Without proper sticky session handling, connections constantly drop

The NAT Problem — Detailed Analysis

Root Cause Analysis:

Why NAT Breaks Standard Load Balancing:

1. Traditional Load Balancing Assumption:
   └─ Each client has unique IP address
      └─ Hash(unique_IP) → Distribute evenly

2. Enterprise Reality:
   └─ All clients share one public IP
      └─ Hash(same_IP) → All route to same server

Mathematical Impact:
   Without NAT: Hash distribution variance ≈ sqrt(N/k)
   With NAT: Hash distribution variance = N (all traffic to one server)

   where N = connections, k = servers

Solution Space Exploration:

Solution	Reliability	Implementation Complexity	IT Coordination	Chosen
Use custom header	✅ High	Medium	Low	✅
Use query parameter	✅ High	Easy	None	✅ Fallback
Client-side cookie	⚠️ Moderate	Easy	High	❌
mTLS client certificates	✅ Very High	Very High	Very High	❌
VPN per device	✅ High	Very High	Very High	❌

Why Custom Header Wins:

Decision Factors:

1. Reliability: ✅
   └─ Headers preserved by most proxies
   └─ Fallback to query param if stripped

2. Implementation: ✅
   └─ Simple client-side: io({ extraHeaders: {...} })
   └─ Simple server-side: Kong hash_on_header config

3. IT Burden: ✅
   └─ Only need to allow custom headers (standard practice)
   └─ No proxy reconfiguration needed

4. Performance: ✅
   └─ No additional overhead
   └─ Header sent with initial WebSocket handshake

Load Distribution Formula:

With device-ID based hashing:

Expected distribution with proper hashing:

Server load variance = sqrt(N / k)

Example: 1200 devices, 3 servers
├─ Expected per server: 400 devices
├─ Standard deviation: sqrt(1200/3) = 20
├─ 95% confidence interval: 400 ± 40
└─ Actual range: 360-440 devices per server

Efficiency: ~93-107% of perfect distribution ✅

Compare to IP-based hashing under NAT:
├─ Server 1: 1200 devices (300%)
├─ Server 2: 0 devices (0%)
└─ Server 3: 0 devices (0%)

Efficiency: 0% (completely broken) ❌

Part 2: The Solution Architecture

Solution Architecture Overview

The comprehensive solution combines three components:

Sticky Sessions (Session Affinity) at Kong Gateway level
Fork Mode (single process) or careful worker configuration for PM2
Redis Adapter for inter-node communication

Architecture Diagram:

graph TB
    subgraph "Enterprise Network"
        Devices["1000+ Devices"]
    end

    subgraph "DMZ / Cloud Network"
        Kong["Kong API Gateway<br/>Sticky Session<br/>Hash on x-device-id"]
    end

    subgraph "Application Cluster"
        direction LR
        subgraph "Process 1"
            Socket1["Socket.io<br/>Instance"]
        end
        subgraph "Process 2"
            Socket2["Socket.io<br/>Instance"]
        end
        subgraph "Process 3"
            Socket3["Socket.io<br/>Instance"]
        end
    end

    subgraph "Shared State"
        Redis["Redis<br/>Pub/Sub Adapter"]
    end

    Devices -->|all from same IP| Kong
    Kong -->|x-device-id=device-001| Socket1
    Kong -->|x-device-id=device-002| Socket2
    Kong -->|x-device-id=device-042| Socket3

    Socket1 <-->|inter-node messages| Redis
    Socket2 <-->|inter-node messages| Redis
    Socket3 <-->|inter-node messages| Redis

    style Kong fill:#fff4e1,stroke:#ff9800,stroke-width:3px
    style Redis fill:#e1f5ff,stroke:#0288d1,stroke-width:3px

Component 1: Device Identification Strategy

Since all devices appear as one IP, we need another way to identify them uniquely.

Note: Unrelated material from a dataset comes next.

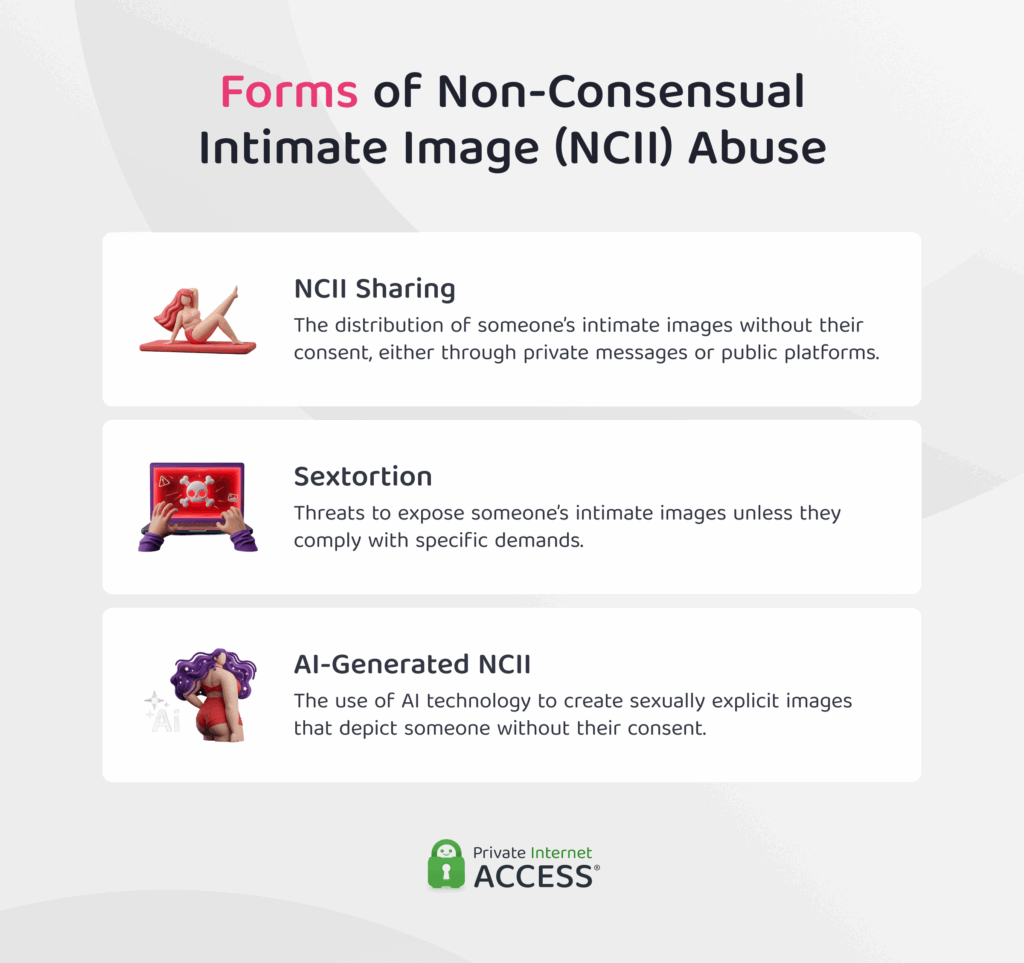 Infographic showing the different forms of non-consensual intimate image (NCII) abuse: NCII sharing, sextortion, and AI-generated NCII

Strategy: x-device-id Header

import io from 'socket.io-client';

import { generateDeviceId } from './device-id';

/**
 * Generate unique device identifier
 * Combination of: Device type + Device model + Generated UUID
 */
export function createSocket() {
    const deviceId = generateDeviceId();

    return io(process.env.NEXT_PUBLIC_WS_URL, {
        // 1. Pass device ID as custom header
        extraHeaders: {
            'x-device-id': deviceId,
            'x-device-type': getDeviceType(), // 'tablet' | 'pc' | 'display'
            'x-department-id': getDepartmentId(), // From user's department assignment
        },

        // 2. Include in query params (fallback for some proxies)
        query: {
            deviceId: deviceId,
        },

        // 3. Include in initial auth
        auth: {
            token: authToken,
            deviceId: deviceId,
        },

        // Standard Socket.io options
        reconnection: true,
        reconnectionDelay: 1000,
        reconnectionDelayMax: 5000,
        reconnectionAttempts: 5,
    });
}

Device ID Generation:

import { v4 as uuidv4 } from 'uuid';

/**
 * Generate stable device ID
 * Persists in localStorage for device identification across sessions
 */
export function generateDeviceId(): string {
    const storageKey = 'app-device-id';
    let deviceId = localStorage.getItem(storageKey);

    if (!deviceId) {
        // Format: device-type_unique-identifier
        const deviceType = getDeviceType();
        const uniqueId = uuidv4().split('-')[0]; // Use first segment of UUID
        deviceId = `${deviceType}_${uniqueId}`;

        localStorage.setItem(storageKey, deviceId);
    }

    return deviceId;
}

function getDeviceType(): string {
    const userAgent = navigator.userAgent.toLowerCase();

    if (userAgent.includes('ipad')) return 'tablet-ios';
    if (userAgent.includes('iphone')) return 'mobile-ios';
    if (userAgent.includes('android')) return 'android';
    if (userAgent.includes('windows')) return 'pc-win';
    if (userAgent.includes('macintosh')) return 'mac';
    if (userAgent.includes('linux')) return 'pc-linux';

    return 'unknown';
}

function getDepartmentId(): string {
    // Retrieved from authenticated user's session
    return sessionStorage.getItem('user-department-id') || 'unknown';
}

Component 2: Kong Gateway Configuration

Kong acts as the reverse proxy and load balancer with sticky session support.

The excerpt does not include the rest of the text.